Figure 4Performance metrics of the QRNN model on the IWP test dataset. (a) scatter plot of mode-retrieved IWP values versus reference values on MWHS-II; (b) Q–Q plot of predicted values versus reference values on MWHS-II; (c) confusion matrix for MWHS-II using an IWP threshold of 0.5 g m−2; (d) analogous to (a) but for MWHS-I; (e) analogous to (b) but for MWHS-I; (f) analogous to (c) but for MWHS-I.

Download

Regarding statistical distribution, we analyzed both the Quantile–Quantile (Q–Q) plots (Fig. 4b and e) and the Probability Density Functions (PDFs, Fig. 5) based on an independent test dataset. As shown in the PDF analysis, the retrieved IWP distribution exhibits remarkable agreement with the reference distribution across nearly six orders of magnitude (ranging from 10−2 to 104 g m−2). This confirms that the model successfully reproduces the climatological statistics without suffering from significant mean-reversion. Both the PDFs and Q–Q plots indicate that the model robustly captures the data distribution characteristics. Critically, given the global mean IWP of approximately 100 g m−2 (Xu et al., 2022), the model maintains robust performance across predominant atmospheric conditions. However, deviations are observed in the extremely low-value region in the Q–Q plots. This is likely attributable to the inherent physical limitations of passive microwave remote sensing, which is sensitive to large scatterers (e.g., snowflakes) but lacks sensitivity to small ice crystals.
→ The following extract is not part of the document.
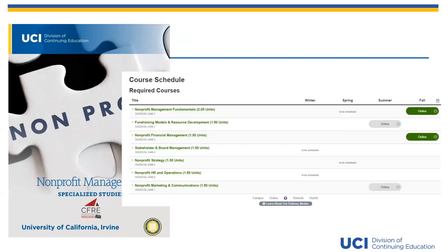This is a screenshot of our NPM specialized studies program brochure. If you don't have it, you can download it from our website. The brochure contains general information about the program and each course description. When viewing the course schedule, note that not all classes are offered every single quarter, so please plan accordingly.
https://essd.copernicus.org/articles/18/1287/2026/essd-18-1287-2026-f05

Figure 5PDFs of IWP for the training dataset, testing dataset, and model retrievals. (a) FY-3D (MWHS-II model); (b) FY-3B (MWHS-I model). The histograms are calculated using logarithmically spaced bins to capture the wide dynamic range.

Download

To further investigate model performance in the low-IWP value range, we performed a binary classification assessment on the test set using a threshold of 0.5 g m−2. The results (Fig. 4c and f) reveal distinct characteristics for the two sensors. Although FY-3D achieves higher quantitative retrieval accuracy, its confusion matrix (Fig. 4c) indicates a relatively high False Alarm Ratio (FAR = 0.76) and a lower Critical Success Index (CSI = 0.23). This is primarily due to a large number of background pixels (low values) being misclassified as exceeding the threshold (FP = 257 474). Conversely, while FY-3B (Fig. 4f) has lower regression accuracy, it exhibits a better balance in classification metrics, with a lower FAR (0.51) and a relatively higher CSI (0.48). While this difference may be partially influenced by the varying sample sizes in the test sets, it suggests that the FY-3D model, while accurate in estimating IWP magnitude, tends to be over-sensitive at the boundary between weak signals and background noise.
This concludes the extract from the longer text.